(Brief descriptive captions)
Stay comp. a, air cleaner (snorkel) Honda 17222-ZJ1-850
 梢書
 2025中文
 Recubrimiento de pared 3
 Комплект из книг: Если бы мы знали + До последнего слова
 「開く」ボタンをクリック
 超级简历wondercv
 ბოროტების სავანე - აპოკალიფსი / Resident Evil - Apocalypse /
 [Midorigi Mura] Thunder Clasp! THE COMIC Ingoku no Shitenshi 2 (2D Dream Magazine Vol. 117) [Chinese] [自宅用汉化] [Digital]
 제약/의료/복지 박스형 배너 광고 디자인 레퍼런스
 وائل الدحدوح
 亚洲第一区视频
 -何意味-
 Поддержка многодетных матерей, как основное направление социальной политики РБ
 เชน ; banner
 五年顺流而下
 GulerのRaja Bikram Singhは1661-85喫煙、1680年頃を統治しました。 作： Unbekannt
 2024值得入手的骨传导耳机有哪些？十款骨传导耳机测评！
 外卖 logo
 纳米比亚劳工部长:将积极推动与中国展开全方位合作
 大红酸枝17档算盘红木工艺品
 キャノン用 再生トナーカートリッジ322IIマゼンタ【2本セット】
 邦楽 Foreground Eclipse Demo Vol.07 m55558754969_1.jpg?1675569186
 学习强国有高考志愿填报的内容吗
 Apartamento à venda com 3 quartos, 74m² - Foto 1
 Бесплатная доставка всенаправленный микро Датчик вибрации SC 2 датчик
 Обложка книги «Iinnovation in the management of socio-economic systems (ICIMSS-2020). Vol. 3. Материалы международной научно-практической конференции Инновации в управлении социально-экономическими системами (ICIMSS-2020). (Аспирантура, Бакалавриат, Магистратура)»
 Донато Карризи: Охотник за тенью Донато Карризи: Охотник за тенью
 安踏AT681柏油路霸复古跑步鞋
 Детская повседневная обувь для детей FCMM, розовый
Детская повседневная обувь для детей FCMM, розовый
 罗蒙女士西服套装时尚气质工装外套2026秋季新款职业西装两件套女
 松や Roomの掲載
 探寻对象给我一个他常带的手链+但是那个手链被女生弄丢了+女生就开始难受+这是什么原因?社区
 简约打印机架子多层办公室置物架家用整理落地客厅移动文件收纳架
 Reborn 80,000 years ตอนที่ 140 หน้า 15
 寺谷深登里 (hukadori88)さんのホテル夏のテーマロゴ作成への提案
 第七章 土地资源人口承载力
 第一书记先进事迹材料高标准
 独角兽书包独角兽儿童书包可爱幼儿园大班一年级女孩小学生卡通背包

__Goal of the exercise__
Reproduce without change every line of the entries above, from the one containing "وائل الدحدوح" through the last.

__Your solution__
 وائل الدحدوح
 亚洲第一区视频
 -何意味-
 Поддержка многодетных матерей, как основное направление социальной политики РБ
 เชน ; banner
 五年顺流而下
 GulerのRaja Bikram Singhは1661-85喫煙、1680年頃を統治しました。 作： Unbekannt
 2024值得入手的骨传导耳机有哪些？十款骨传导耳机测评！
 外卖 logo
 纳米比亚劳工部长:将积极推动与中国展开全方位合作
 大红酸枝17档算盘红木工艺品
 キャノン用 再生トナーカートリッジ322IIマゼンタ【2本セット】
 邦楽 Foreground Eclipse Demo Vol.07 m55558754969_1.jpg?1675569186
 学习强国有高考志愿填报的内容吗
 Apartamento à venda com 3 quartos, 74m² - Foto 1
 Бесплатная доставка всенаправленный микро Датчик вибрации SC 2 датчик
 Обложка книги «Iinnovation in the management of socio-economic systems (ICIMSS-2020). Vol. 3. Материалы международной научно-практической конференции Инновации в управлении социально-экономическими системами (ICIMSS-2020). (Аспирантура, Бакалавриат, Магистратура)»
 Донато Карризи: Охотник за тенью Донато Карризи: Охотник за тенью
 安踏AT681柏油路霸复古跑步鞋
 Детская повседневная обувь для детей FCMM, розовый
Детская повседневная обувь для детей FCMM, розовый
 罗蒙女士西服套装时尚气质工装外套2026秋季新款职业西装两件套女
 松や Roomの掲載
 探寻对象给我一个他常带的手链+但是那个手链被女生弄丢了+女生就开始难受+这是什么原因?社区
 简约打印机架子多层办公室置物架家用整理落地客厅移动文件收纳架
 Reborn 80,000 years ตอนที่ 140 หน้า 15
 寺谷深登里 (hukadori88)さんのホテル夏のテーマロゴ作成への提案
 第七章 土地资源人口承载力
 第一书记先进事迹材料高标准
 独角兽书包独角兽儿童书包可爱幼儿园大班一年级女孩小学生卡通背包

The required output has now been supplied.